Cody Hagler (Mr. Cody) has taught Humanities at Seattle Girls’ School for the past nine years. We spoke to him about finding SGS, the evolution of his teaching philosophy, collaborating with other faculty, the energy of SGS students, and seeing yourself and others in history.
How did you come to SGS?
After I got my Master of Teaching, I taught abroad in Bangkok for two years. While I was there, I got an educational specialist degree in PK-12 administration. I thought I wanted to lead schools, but I fell in love with the craft of teaching instead. After coming back and teaching in public schools in Oregon for a few years, I was ready to hunt for jobs that I really wanted. I stumbled upon Seattle Girls’ School. I remember crying a bit in my office reading about SGS’s mission and programs, and it was a no-brainer for me to apply.
As an SGS teacher, can you talk about your overall experience with the school?
This is my 9th year at SGS. I remember during my interview, they told me, “Here we help you find what you’re really good at and put you in spaces so you can keep doing that and grow.” I started as a 5th grade teacher, making a brand-new curriculum during my first three years. My professional growth ramped way up when I landed here. I felt like I was really good teacher coming in, but I learned so much every day about how I can best help our students.
What inspires you most about your students?
What inspires me most about my students is the energy they bring to their learning environments. At SGS, there's a culture of risk-taking and trying things we've never tried before. We end up finding connections through our failures just as much as our successes. Kids care a lot about different issues and have a lot to say about how the world works. It’s inspiring to see what kind of solutions they create—it’s constantly evolving and changing.
What are some moments at SGS that stand out to you?
I love hearing the roars of support during poetry night, when students are bravely sharing their experiences and hopes and dreams.

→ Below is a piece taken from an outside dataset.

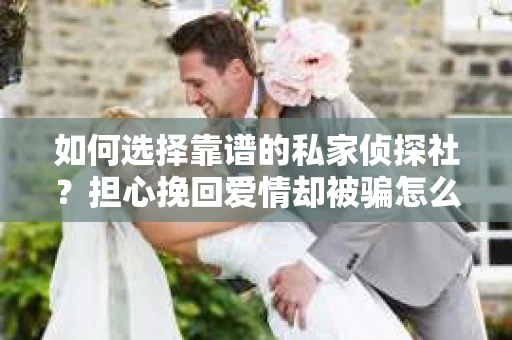 如何选择靠谱的私家侦探社？担心挽回爱情却被骗怎么办？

Orientation is also incredible—new students build go-karts, use power tools, write speeches and stand and deliver over the course of three days. I also love watching the progress they make during the 6th grade bike trip. When they come back to the classroom, students feel like they can do hard things—that we can literally go further and faster together.
What is your approach to teaching?
One of my core philosophies is to take the pressure out of the learning process. I try to anticipate and build into my lessons the types of support and accommodations our students need. I also believe that knowing history equals knowing yourself. When you see yourself through history, it ignites an awe in you: "I'm a part of this story, and I get to do my part in writing the future of the story. What do I want it to be? And what do I want it to not be? And how do I want to change things?"
What’s it like collaborating with other faculty at SGS?
It's so much fun to collaborate with the teachers here. It's a great way to model with the kids how to be transparent as you lead and how to work together. Ms. Lulu (Luzviminda Uzuri Carpenter, our Performance & Media Arts Teacher), Ani (our Visual Arts Teacher), and I teach the “Avatar Project” together, which weaves Afrofuturism and science-fiction into an investigation of storytelling and personal identity for the 6th grade. We're always working on the lessons, questioning how relevant it is, is it still best practice. It’s like roller skating with your best friend. And in the end, it’s awesome to see kids making connections between classes.